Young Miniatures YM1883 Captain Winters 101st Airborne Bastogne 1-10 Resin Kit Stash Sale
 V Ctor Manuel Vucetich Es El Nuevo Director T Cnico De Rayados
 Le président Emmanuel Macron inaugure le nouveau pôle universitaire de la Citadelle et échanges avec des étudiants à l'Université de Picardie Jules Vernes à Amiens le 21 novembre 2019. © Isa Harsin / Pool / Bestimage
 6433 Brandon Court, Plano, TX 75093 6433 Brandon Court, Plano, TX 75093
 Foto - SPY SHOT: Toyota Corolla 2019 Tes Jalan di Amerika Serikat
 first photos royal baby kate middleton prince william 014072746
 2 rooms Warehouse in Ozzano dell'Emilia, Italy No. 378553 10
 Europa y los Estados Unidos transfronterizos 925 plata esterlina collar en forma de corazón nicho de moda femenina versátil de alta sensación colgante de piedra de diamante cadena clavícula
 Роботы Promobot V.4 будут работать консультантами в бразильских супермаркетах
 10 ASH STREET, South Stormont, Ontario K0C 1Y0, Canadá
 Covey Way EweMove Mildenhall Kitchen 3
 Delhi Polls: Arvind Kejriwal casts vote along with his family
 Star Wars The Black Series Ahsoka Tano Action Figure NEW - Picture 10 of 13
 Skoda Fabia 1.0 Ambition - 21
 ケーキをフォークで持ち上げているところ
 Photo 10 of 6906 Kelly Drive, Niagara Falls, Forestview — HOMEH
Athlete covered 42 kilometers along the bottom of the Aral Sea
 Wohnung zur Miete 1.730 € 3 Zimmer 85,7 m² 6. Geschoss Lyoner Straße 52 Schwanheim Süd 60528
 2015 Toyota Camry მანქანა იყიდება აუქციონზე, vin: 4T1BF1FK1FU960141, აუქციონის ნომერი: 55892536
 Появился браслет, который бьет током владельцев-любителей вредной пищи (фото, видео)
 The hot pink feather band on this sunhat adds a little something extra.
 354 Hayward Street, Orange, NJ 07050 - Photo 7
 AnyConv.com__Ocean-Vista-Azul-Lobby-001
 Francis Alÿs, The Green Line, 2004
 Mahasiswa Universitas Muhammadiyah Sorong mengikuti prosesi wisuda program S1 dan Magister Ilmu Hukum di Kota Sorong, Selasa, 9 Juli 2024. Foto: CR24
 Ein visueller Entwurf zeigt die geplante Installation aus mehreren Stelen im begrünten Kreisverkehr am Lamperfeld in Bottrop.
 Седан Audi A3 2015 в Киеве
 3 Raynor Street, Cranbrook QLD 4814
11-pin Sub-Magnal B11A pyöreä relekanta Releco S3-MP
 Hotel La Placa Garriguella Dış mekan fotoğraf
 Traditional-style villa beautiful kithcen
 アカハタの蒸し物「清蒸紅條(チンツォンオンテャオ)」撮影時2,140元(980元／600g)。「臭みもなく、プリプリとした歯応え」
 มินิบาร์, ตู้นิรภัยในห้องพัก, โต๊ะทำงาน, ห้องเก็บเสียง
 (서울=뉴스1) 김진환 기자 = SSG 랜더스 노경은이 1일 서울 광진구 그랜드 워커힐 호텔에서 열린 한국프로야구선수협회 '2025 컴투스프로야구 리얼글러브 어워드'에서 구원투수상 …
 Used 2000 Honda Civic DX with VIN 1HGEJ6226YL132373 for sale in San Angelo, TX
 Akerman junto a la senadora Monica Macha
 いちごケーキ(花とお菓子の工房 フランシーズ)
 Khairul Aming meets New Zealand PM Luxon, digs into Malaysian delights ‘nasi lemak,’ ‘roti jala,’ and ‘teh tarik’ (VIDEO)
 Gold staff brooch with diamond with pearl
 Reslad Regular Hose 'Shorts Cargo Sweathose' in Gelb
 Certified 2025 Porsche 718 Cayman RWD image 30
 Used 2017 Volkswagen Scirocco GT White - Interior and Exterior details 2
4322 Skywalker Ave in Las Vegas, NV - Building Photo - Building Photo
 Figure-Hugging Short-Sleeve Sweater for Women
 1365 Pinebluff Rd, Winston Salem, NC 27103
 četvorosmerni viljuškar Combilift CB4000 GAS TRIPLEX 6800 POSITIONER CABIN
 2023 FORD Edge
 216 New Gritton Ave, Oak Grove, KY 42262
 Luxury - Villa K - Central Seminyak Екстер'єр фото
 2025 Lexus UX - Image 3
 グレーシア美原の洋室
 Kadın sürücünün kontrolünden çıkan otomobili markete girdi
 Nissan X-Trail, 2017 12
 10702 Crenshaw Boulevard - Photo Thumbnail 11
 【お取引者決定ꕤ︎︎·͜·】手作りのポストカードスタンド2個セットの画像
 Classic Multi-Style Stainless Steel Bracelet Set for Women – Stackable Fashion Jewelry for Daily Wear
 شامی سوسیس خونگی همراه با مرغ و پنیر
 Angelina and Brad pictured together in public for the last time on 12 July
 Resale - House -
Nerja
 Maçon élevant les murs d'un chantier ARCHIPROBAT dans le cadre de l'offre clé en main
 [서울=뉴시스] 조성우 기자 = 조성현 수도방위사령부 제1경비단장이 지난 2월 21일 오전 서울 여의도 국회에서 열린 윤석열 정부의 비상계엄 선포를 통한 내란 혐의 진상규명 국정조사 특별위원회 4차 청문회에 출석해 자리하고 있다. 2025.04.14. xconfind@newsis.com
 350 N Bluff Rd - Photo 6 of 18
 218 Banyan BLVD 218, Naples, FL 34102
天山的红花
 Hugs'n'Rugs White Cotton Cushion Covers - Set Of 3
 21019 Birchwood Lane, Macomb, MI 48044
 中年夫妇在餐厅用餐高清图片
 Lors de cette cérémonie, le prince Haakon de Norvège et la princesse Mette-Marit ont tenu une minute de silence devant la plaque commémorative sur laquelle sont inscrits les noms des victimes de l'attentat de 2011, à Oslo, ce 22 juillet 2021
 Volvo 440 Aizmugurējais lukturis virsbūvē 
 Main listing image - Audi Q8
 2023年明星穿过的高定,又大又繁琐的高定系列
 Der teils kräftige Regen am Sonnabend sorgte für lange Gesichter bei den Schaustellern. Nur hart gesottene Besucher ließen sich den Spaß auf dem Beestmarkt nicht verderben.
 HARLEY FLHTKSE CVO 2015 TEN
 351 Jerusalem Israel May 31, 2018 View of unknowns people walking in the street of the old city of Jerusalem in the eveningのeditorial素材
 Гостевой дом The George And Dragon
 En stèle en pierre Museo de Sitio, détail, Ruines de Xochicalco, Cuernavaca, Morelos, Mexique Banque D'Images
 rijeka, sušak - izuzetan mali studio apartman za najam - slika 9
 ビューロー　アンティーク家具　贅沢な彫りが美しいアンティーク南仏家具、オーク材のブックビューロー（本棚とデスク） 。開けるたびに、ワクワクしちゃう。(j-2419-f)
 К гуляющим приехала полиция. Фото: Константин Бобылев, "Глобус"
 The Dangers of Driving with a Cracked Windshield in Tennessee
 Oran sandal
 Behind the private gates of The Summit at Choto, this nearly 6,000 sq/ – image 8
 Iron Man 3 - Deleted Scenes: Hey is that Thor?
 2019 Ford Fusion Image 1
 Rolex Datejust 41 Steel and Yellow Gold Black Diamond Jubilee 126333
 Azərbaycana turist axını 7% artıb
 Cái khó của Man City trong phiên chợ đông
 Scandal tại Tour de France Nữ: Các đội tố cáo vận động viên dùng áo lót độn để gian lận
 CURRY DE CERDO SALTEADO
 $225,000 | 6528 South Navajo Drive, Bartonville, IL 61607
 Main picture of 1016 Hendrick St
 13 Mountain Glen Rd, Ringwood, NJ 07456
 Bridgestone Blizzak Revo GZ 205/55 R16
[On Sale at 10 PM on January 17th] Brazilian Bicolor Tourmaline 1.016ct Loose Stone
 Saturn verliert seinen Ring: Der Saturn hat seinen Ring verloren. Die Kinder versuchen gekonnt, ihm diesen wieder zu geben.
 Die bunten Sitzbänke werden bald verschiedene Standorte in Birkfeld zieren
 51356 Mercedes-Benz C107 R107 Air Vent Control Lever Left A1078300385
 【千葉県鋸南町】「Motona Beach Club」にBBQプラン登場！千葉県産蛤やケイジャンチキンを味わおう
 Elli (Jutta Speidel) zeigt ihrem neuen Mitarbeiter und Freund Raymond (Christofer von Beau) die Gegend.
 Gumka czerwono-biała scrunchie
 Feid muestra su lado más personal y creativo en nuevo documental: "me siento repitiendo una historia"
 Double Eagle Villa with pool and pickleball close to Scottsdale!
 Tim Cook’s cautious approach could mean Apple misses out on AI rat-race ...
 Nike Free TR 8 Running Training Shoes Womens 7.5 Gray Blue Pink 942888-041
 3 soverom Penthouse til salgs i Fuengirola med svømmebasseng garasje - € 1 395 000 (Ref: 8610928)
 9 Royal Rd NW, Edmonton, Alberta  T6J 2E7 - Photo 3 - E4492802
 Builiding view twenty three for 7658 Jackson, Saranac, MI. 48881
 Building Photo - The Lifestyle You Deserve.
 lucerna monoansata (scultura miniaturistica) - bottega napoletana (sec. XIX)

============

PROBLEM TO WORK ON ::
Would you please repeat exactly the lines above, starting at the line with "Athlete covered 42" and stopping at the line with "アカハタの蒸し物「清蒸紅條(チンツォンオ", both included?

WRITTEN ANSWER ::
Athlete covered 42 kilometers along the bottom of the Aral Sea
 Wohnung zur Miete 1.730 € 3 Zimmer 85,7 m² 6. Geschoss Lyoner Straße 52 Schwanheim Süd 60528
 2015 Toyota Camry მანქანა იყიდება აუქციონზე, vin: 4T1BF1FK1FU960141, აუქციონის ნომერი: 55892536
 Появился браслет, который бьет током владельцев-любителей вредной пищи (фото, видео)
 The hot pink feather band on this sunhat adds a little something extra.
 354 Hayward Street, Orange, NJ 07050 - Photo 7
 AnyConv.com__Ocean-Vista-Azul-Lobby-001
 Francis Alÿs, The Green Line, 2004
 Mahasiswa Universitas Muhammadiyah Sorong mengikuti prosesi wisuda program S1 dan Magister Ilmu Hukum di Kota Sorong, Selasa, 9 Juli 2024. Foto: CR24
 Ein visueller Entwurf zeigt die geplante Installation aus mehreren Stelen im begrünten Kreisverkehr am Lamperfeld in Bottrop.
 Седан Audi A3 2015 в Киеве
 3 Raynor Street, Cranbrook QLD 4814
11-pin Sub-Magnal B11A pyöreä relekanta Releco S3-MP
 Hotel La Placa Garriguella Dış mekan fotoğraf
 Traditional-style villa beautiful kithcen
 アカハタの蒸し物「清蒸紅條(チンツォンオンテャオ)」撮影時2,140元(980元／600g)。「臭みもなく、プリプリとした歯応え」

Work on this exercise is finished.